[Start of section]

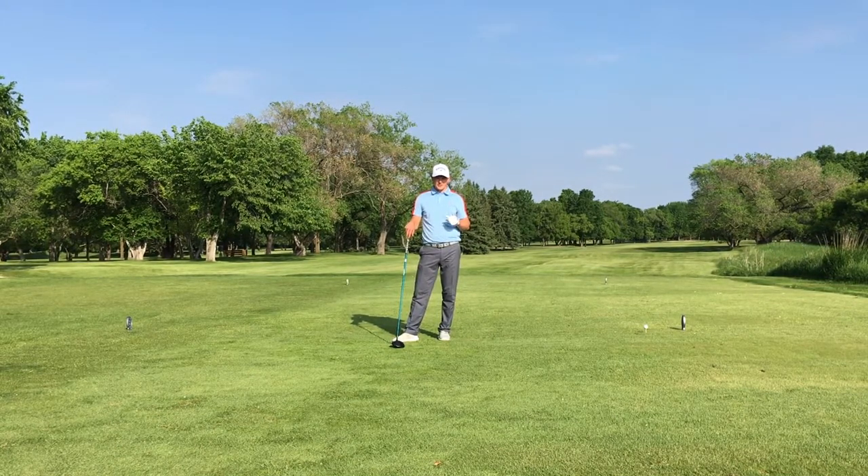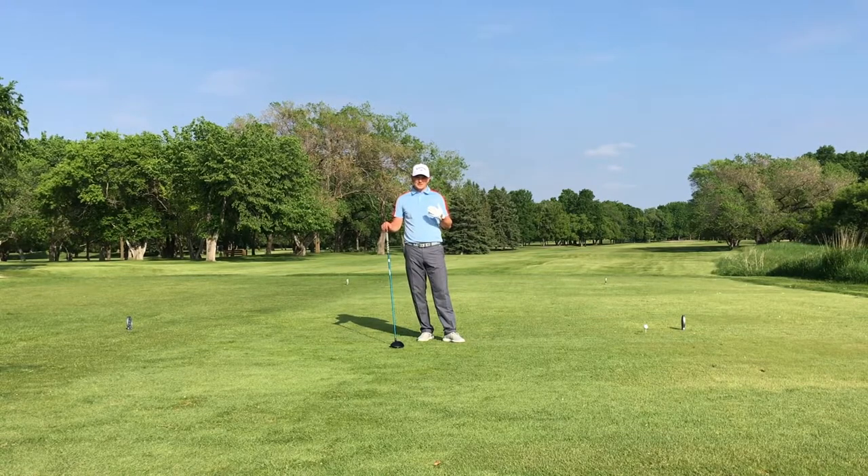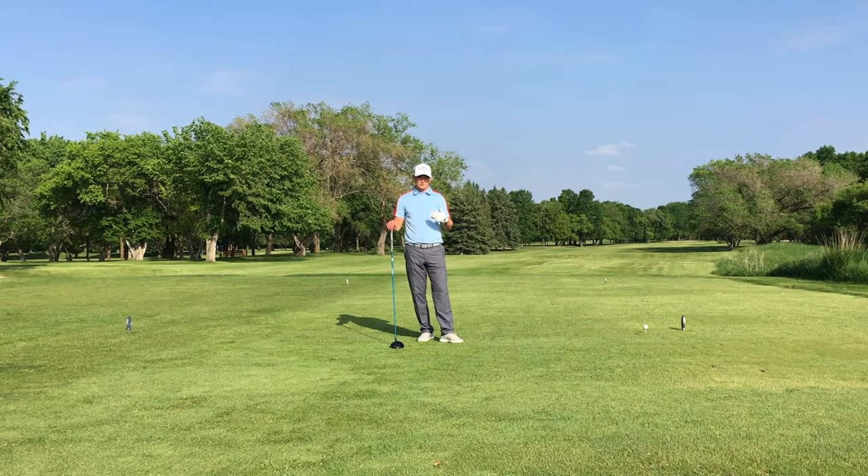Hey everyone, Derek Goodwin here. Now if you're a golfer that either cuts or fades the golf ball, this is a tip for you, and it's a pretty easy one. A lot of the time I'll see golfers tee up on the wrong side of the tee box or in the middle, and then aiming into the trees in hopes to curve their golf ball back into the fairway.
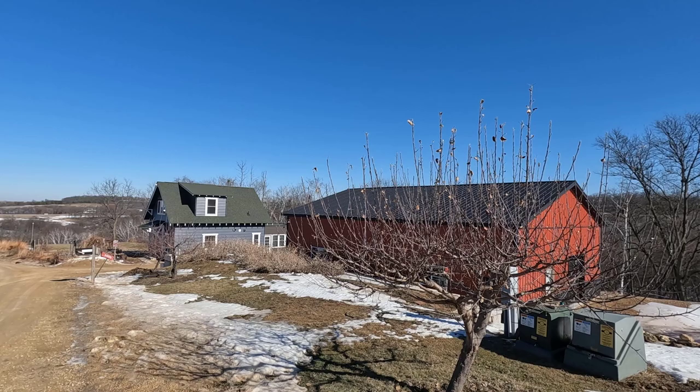Good morning. Welcome to Planet Mojo. We have a brief warm spell in the middle of February here, so it's a good time to prune the dwarf orchard.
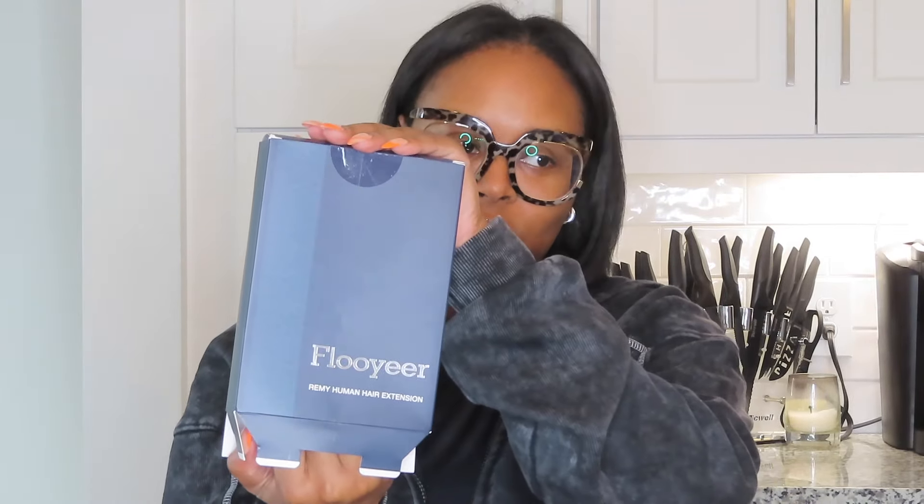I have two boxes. This time I decided to get body wave — I always get straight. I got to go home and film my video, and then I realized, oh my God, I got body wave and I always get straight. So now I'm thinking maybe I should have gotten straight because I'm going to straighten it anyway. But here's the box — Floyer hair extensions. This is how it comes, in a blue bag. They're seamless, of course. I have seamless, natural color, 20-inch body wave. I got two packs of the 20 inches because I like to do the same length. And in each box I have a clip — I'm happy they included that.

[End of section]

■ Task details ■
When copying, output the data exactly and leave out the pictures.

■ Result below ■
Hey everyone, Derek Goodwin here. Now if you're a golfer that either cuts or fades the golf ball, this is a tip for you, and it's a pretty easy one. A lot of the time I'll see golfers tee up on the wrong side of the tee box or in the middle, and then aiming into the trees in hopes to curve their golf ball back into the fairway.
Good morning. Welcome to Planet Mojo. We have a brief warm spell in the middle of February here, so it's a good time to prune the dwarf orchard.
I have two boxes. This time I decided to get body wave — I always get straight. I got to go home and film my video, and then I realized, oh my God, I got body wave and I always get straight. So now I'm thinking maybe I should have gotten straight because I'm going to straighten it anyway. But here's the box — Floyer hair extensions. This is how it comes, in a blue bag. They're seamless, of course. I have seamless, natural color, 20-inch body wave. I got two packs of the 20 inches because I like to do the same length. And in each box I have a clip — I'm happy they included that.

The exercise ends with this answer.